*** Entries provided ***

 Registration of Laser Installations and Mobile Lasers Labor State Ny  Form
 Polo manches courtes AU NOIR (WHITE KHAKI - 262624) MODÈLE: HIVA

***
*** Entries provided ***

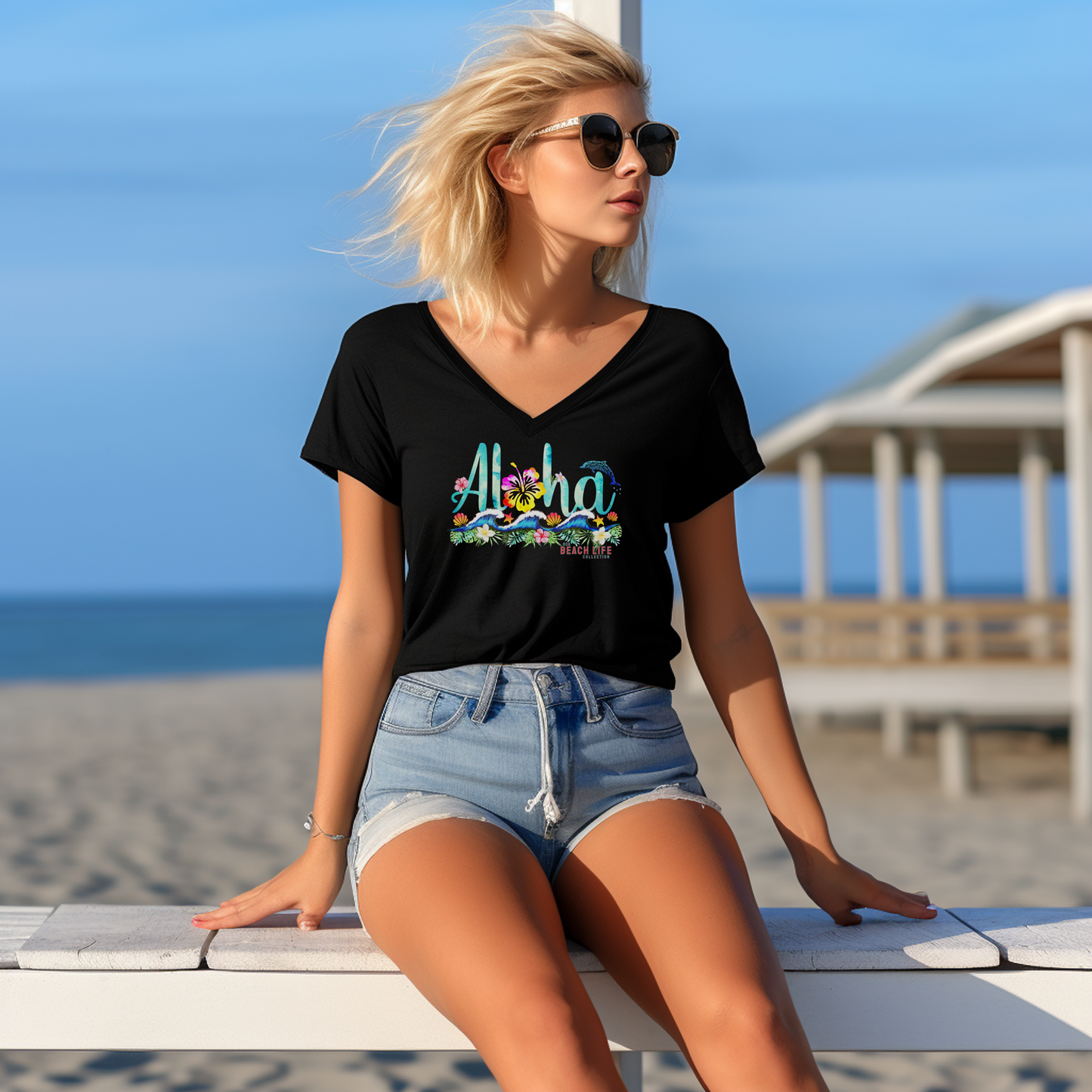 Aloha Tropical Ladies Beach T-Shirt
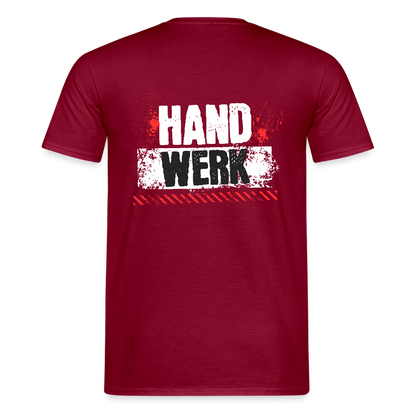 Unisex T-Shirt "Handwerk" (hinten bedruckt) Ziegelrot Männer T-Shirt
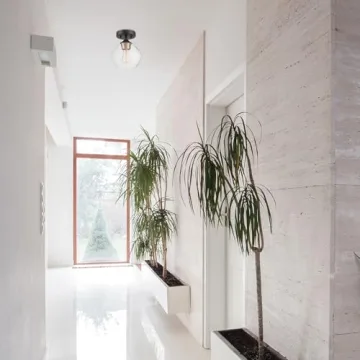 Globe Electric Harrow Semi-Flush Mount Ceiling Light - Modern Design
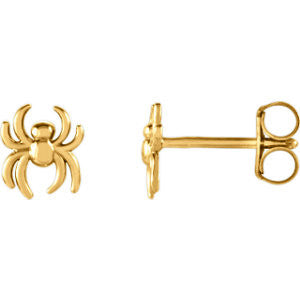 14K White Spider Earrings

***

Only the lines above from the one with "Registration of Laser" up to and including the one with "Polo manches courtes" should be repeated, exactly as written.

▶ _Solution to this task_
 Registration of Laser Installations and Mobile Lasers Labor State Ny  Form
 Polo manches courtes AU NOIR (WHITE KHAKI - 262624) MODÈLE: HIVA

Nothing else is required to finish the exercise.